The federal government has declassified portions of the Vulnerabilities Equities Policy and Process (VEP) revised charter detailing when it will divulge unearthed software bugs to vendors and users and when it will keep them hidden from view.
In plain English, the federal interagency process known as VEP is where the fate of newly found cyber vulnerabilities not yet in the public domain are determined. Will the feds allow a known flaw to be fixed by the vendor or left as is for possible weaponizing in cyber warfare? VEP is where and how those determinations are made.
The White House believes that opening aspects of the VEP to public review is a step in the direction of transparency, one designed to speak to criticism from the private sector on the VEP’s overly secretive internal processes. Certainly, the timing is right: The National Security Agency (NSA) has been roundly accused of stockpiling vulnerabilities to the detriment of software makers and users. Stashing bugs has made it a juicy target for adversarial hackers such as the Shadow Brokers, critics have argued.

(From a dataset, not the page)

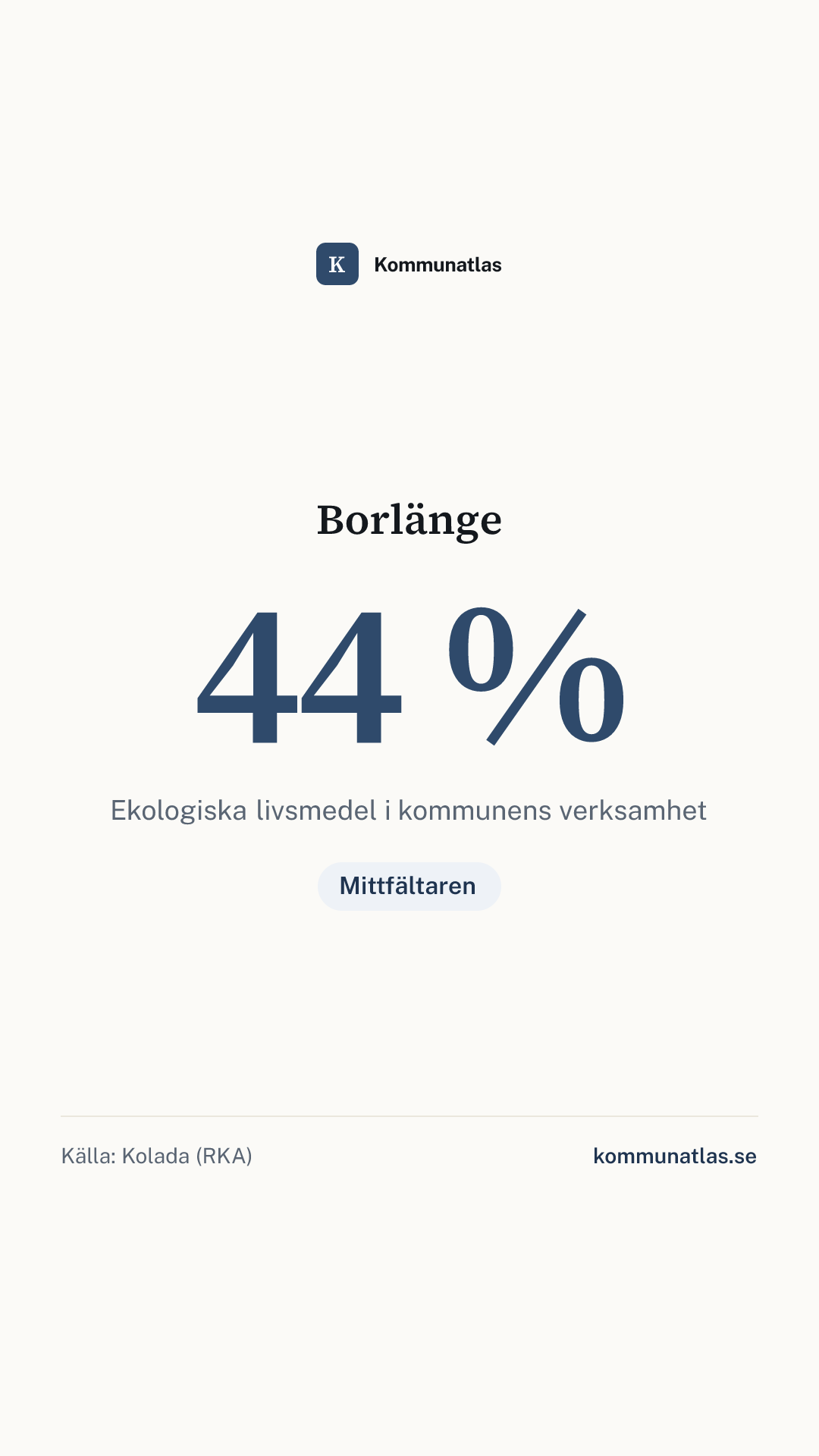 Delningsbild — Borlänge — kommunbokslut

Along with specifying how the feds will release cyber flaw information to the public, the 14-page document lists who has say-so on the VEP’s Equities Review Board -- it hadn’t been previously known who has a seat at the table to decide whether to give voice to a bug or keep it quiet.
Stakeholders include the Departments of Commerce, Defense, Energy, Homeland Security, Justice, State and Treasury as well as the CIA, FBI and NSA, the latter of which is designated as the “executive secretariat” tasked with record keeping, communications and drafting annual reports to Congress and the public.
Rob Joyce, the White House’s cybersecurity coordinator, oversees the entire process. In a blog post announcing the revamped VEP, he said “there can be no doubt that America faces significant risk to our national security and public safety from cyber threats.” The task, he said, is to “find and sustain the capability to hold rogue cyber actors at risk without increasing the likelihood that known vulnerabilities will be exploited to harm legitimate, law-abiding users of cyberspace.”
The government faces a balancing act between publicizing “every vulnerability discovered” and preserving “some select capability” to act against cyber criminals “whose actions might otherwise go undiscovered and unchecked,” Joyce wrote.
Until the Electronic Frontier Foundation (EFF) filed suit under the Freedom of Information Act last year to make the VEP public, it was deemed classified material.
“Many of the changes to the VEP do seem intended to facilitate transparency and to give more weight to policies that were previously not reflected in the official document,” wrote Andrew Crocker, EFF staff attorney, in a blog post. “In spite of these positive signs, we remain concerned about exceptions to the VEP.” In some cases, vulnerabilities that are part of the process can be restricted by non-disclosure agreements with outside contractors, he said.